The Court also held that regulation of "electioneering communications" - broadcast ads that refer to a federal candidate 30 days before a primary or 60 days before a general election - was not precluded by the prior holding in Buckley v. Valeowhich limited regulation of political speech to that which employed express words of electoral advocacy. The Court also determined that the "electioneering communication" provision did not restrict much otherwise permissible speech. Therefore, the 30/60 day provision was not unconstitutionally overbroad in scope.

Finally, the Court held that political activity coordinated with political candidates and parties can be regulated even in the absence of agreement to coordinate or formal collaboration. For example, spending at the "request" or "suggestion" of a candidate or party may establish coordination. However, the Court struck down the BCRA’s requirement that national parties choose between coordinating with candidates and making independent expenditures.

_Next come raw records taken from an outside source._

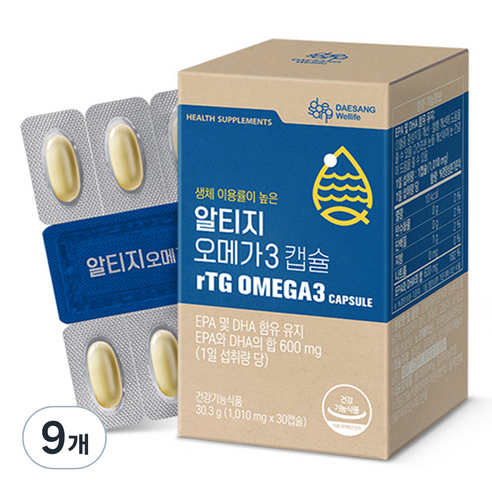 대상웰라이프 알티지 오메가3, 30정, 9개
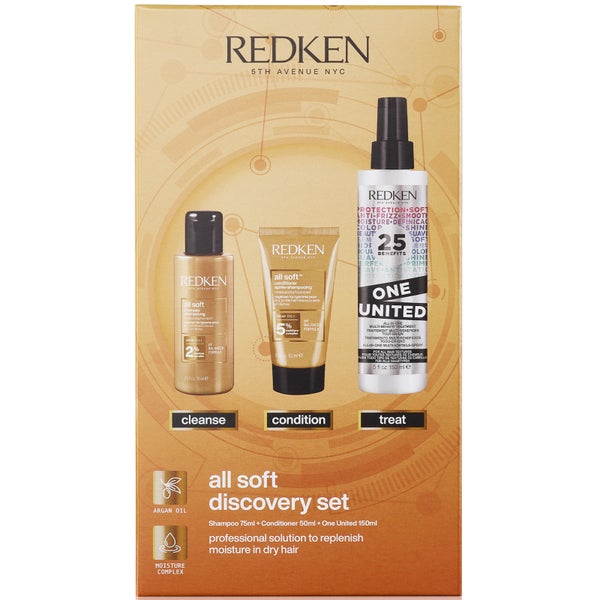 Redken All Soft Shampoo 75ml, Conditioner 50ml and One United Hair Treatment 150ml Discovery Set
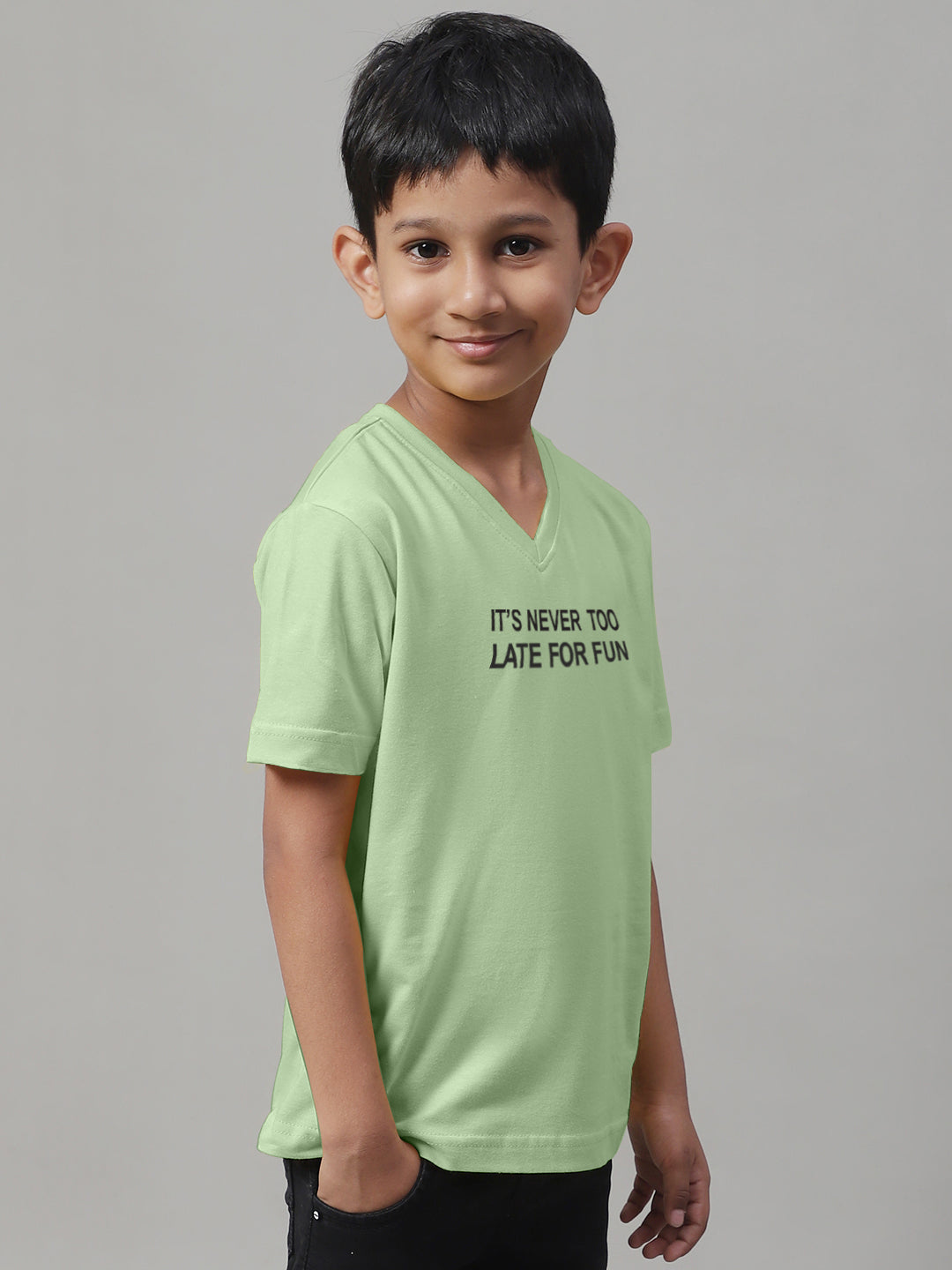 Boys Its Never Too Late For Fun Half Sleeves Printed T-Shirt - Friskers
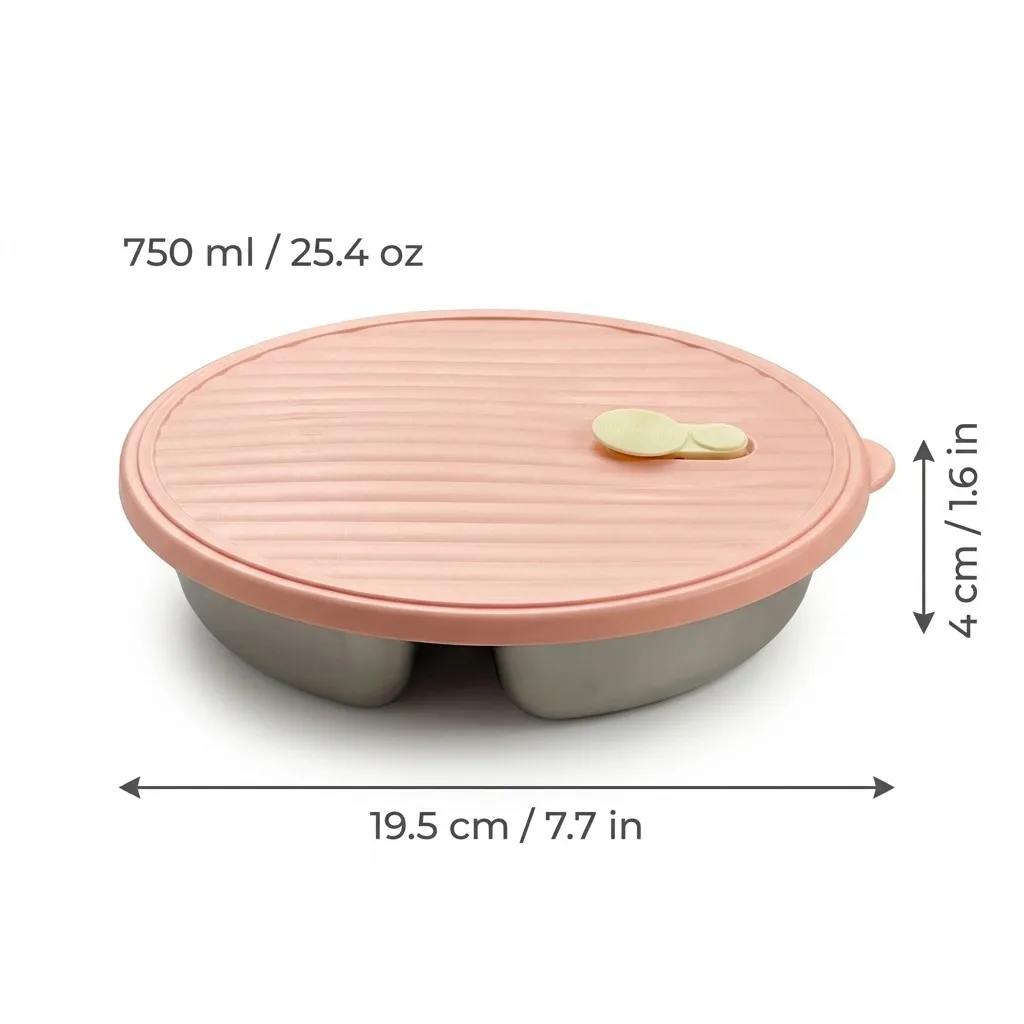 1/2 Stuks 3 Grids Ronde Dinerbord Met Deksel Stapelbaar 304 Roestvrij Staal Verdeeld Voedselbord Voor Dieetcontrole Herbruikbaar Servies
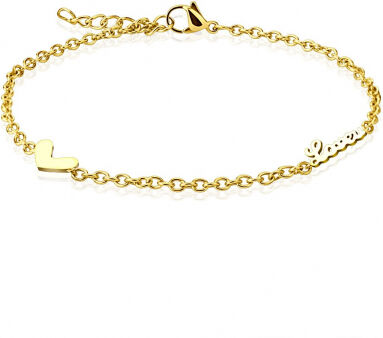 UrbanBijoux Bracelet chaine de cheville réglable femme acier plaqué or love coeur UrbanBijoux Bracelet chaine de cheville réglable femme acier plaqué or love coeur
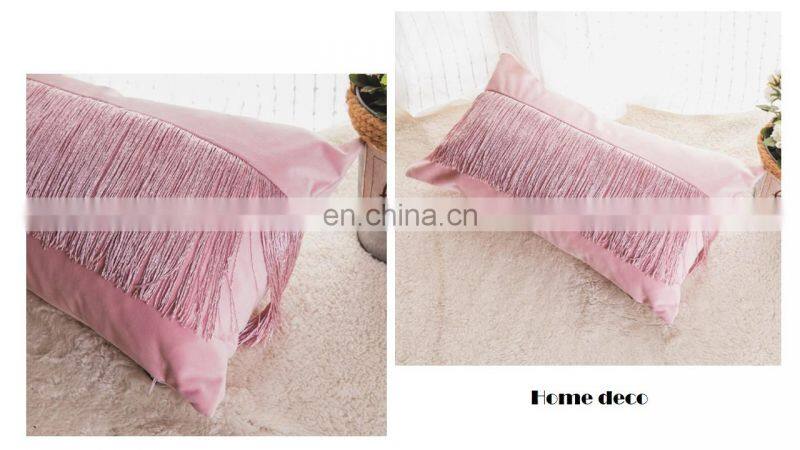 Luxury Modern 100%Polyester Velvet Pillow Cushion with Fringe Tassels for home deco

  • Title III and IV ("Stand by Your Ad," "Hard Money" Limits, "Millionaire" exemption, and Minors): The Court determined that the parties to the case lacked standing to challenge the BCRA’s denial of the "lowest unit charge" for a candidate ad that does not include a disclaimer that the candidate approved the ad, the increase of the "hard money" contribution limits, and the "Millionaire" provision which allows candidates facing self-financed opponents to receive contributions in excess of the normal limits. However, the Court struck down the BCRA’s prohibition on political contributions by minors.
  • Title V (Broadcasters’ Records): The Court upheld the BCRA’s requirement that broadcasters maintain certain publicly available records of politically related broadcasting requests. These include "candidate requests," "election message requests," and "issue requests."

Wiley Rein & Fielding LLP represented Senator McConnell, as well as the Chamber of Commerce of the United States, the National Association of Manufacturers, and the Associated Builders & Contractors in this case.